First jobIt is only natural for parents to want to help their sons and daughters find a good, well-paid job.

However, many people now accept that this human instinct can have some negative consequences and make it harder to create a more meritocratic society.

Unpaid internships that often lead to lucrative, high-status jobs are a prime, and much debated, example of the problem as well-connected parents are more likely to be able to secure them for their children.

This is one potential explanation for the strong relationship between family background and how well young people do in the labour market.

But how much do we really know about the help that parents, relatives and friends – of all social classes — provide for young people when it comes to getting a job or moving up the career ladder? Newly-published research from the Centre for Longitudinal Studies at UCL Institute of Education provides some fresh and rather surprising insights on this issue.

The analysis of information gathered on just over 9,000 members of the 1970  British Cohort Study found a clear link between the socio-economic status of a child at age 10 and their income and occupation more than 30 years later.
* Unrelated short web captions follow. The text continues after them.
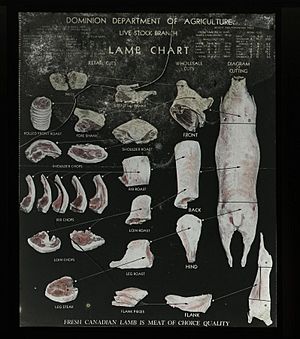 Archivo:Lamb Chart (22411636159)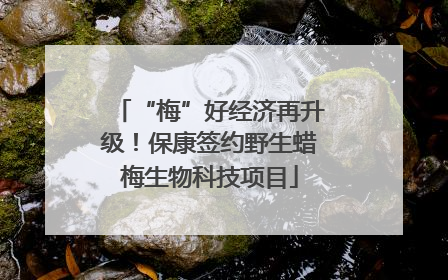 “梅”好经济再升级！保康签约野生蜡梅生物科技项目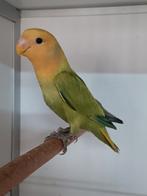 JONGE AGAPORNIS ROSEICOLLIS, Geslacht onbekend, Dwergpapegaai of Agapornis, Geringd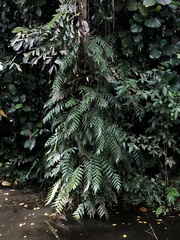 Stenochlaena palustris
For example, 68 per cent of children with professional parents were either in the professional or managerial-technical occupational groups themselves at age 42. By contrast, only 25 per cent of children from unskilled backgrounds had penetrated these two top groups when the BCS70 members were last surveyed in 2012.

The greater educational achievements of children from more privileged backgrounds provide part of the reason why advantage and disadvantage was passed from one generation to the next.

However, as the age 42 BCS70 survey asked cohort members about the employment help they had received from parents, relatives and friends, the researchers were also able to establish whether this factor helped to explain the link between family background and future earnings.

About half of the cohort reported receiving help from parents and about half said they had been given some assistance from other relatives or friends since leaving school or university. Advice was the most widely reported type of help, especially from parents, but a substantial proportion of those surveyed also said that their parents had helped them find a job through their contacts (29% of men who received any help and 21% of women) or that other relatives or friends assisted in this way (25% of men and 16% of women).

Parents from higher socio-economic groups were more likely to provide advice and assistance with application forms. However, help from other relatives and friends had little association with a family’s socio-economic status.

Even more surprisingly, help from parents in the form of a recommendation to a current or former employer, or in finding a job through their contacts, also had little apparent relationship with family background.

“Our results also indicate that, on average, individuals who report receiving help from their parents do not have higher earnings than those who do not receive such help, nor do they have higher-status occupations,” the study’s authors say. “It would seem therefore that parental help is not necessarily beneficial in the labour market.”

The study’s authors conclude that other factors and mechanisms must therefore explain the strong intergenerational relationship between parent and cohort member wages and occupational status. “This is an important finding, given that our work also highlights the persistent strong relationship between parental occupation and cohort members’ own occupation, particularly for males.”

They add, however, that the research community needs to develop better measures of the extent to which parents support their child in school and in the labour market. “We might also usefully explore differences in the way that parental socio-economic group impacts differently on men and women’s eventual labour market success,” they suggest.